> _Exercise description_
Among the following entries, say how many lines contain the word "White"; the answer is a number and nothing else.

Items from a dataset:
◆ ◆ ◆ ◆

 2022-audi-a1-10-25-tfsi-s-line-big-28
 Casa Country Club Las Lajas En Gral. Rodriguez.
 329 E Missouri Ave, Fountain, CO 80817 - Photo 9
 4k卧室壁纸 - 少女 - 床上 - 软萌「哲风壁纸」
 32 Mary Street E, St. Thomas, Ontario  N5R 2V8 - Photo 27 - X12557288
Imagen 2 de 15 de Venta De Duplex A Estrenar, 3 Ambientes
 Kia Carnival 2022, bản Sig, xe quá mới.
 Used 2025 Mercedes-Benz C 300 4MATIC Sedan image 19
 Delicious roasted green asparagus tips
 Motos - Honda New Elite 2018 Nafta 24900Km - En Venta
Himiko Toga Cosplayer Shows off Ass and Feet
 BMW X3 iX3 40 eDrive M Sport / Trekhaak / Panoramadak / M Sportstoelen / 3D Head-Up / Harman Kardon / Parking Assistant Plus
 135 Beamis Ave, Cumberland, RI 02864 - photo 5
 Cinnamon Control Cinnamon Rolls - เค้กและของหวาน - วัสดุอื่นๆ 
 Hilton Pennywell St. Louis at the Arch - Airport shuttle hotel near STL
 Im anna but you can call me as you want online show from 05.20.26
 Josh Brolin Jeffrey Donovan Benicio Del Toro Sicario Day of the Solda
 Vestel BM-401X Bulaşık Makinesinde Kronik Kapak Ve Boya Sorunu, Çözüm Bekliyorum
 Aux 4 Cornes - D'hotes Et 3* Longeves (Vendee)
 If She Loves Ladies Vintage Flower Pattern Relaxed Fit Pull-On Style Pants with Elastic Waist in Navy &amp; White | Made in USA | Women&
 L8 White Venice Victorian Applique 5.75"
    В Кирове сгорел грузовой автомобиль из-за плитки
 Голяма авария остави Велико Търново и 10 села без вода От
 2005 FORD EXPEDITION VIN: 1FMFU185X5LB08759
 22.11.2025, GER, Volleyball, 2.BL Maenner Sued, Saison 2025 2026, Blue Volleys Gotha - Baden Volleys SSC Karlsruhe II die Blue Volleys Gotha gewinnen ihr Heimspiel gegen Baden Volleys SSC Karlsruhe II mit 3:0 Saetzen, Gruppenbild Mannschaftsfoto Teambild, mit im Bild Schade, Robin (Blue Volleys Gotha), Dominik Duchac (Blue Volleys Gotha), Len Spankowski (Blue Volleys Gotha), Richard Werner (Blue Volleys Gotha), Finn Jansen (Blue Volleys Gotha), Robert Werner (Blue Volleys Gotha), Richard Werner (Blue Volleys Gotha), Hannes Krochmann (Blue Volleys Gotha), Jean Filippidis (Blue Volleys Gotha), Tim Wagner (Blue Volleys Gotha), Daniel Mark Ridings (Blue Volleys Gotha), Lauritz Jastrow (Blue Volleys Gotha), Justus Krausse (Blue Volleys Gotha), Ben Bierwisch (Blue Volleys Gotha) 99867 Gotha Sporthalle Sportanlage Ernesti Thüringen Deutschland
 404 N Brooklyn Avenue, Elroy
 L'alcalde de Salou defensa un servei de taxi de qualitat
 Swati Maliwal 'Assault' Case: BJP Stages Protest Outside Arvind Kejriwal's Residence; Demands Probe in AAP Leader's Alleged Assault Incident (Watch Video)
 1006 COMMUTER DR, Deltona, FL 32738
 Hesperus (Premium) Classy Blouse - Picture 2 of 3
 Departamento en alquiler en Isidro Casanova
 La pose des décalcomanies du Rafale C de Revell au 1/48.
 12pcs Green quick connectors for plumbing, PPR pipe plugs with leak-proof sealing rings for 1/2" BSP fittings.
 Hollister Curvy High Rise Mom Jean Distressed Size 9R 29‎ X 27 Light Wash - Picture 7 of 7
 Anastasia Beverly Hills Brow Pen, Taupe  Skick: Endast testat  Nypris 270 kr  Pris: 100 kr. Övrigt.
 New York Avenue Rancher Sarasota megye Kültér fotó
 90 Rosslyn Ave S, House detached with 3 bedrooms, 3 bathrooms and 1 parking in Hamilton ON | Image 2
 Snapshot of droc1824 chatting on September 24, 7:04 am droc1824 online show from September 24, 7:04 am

◆ ◆ ◆ ◆

> _Result_
2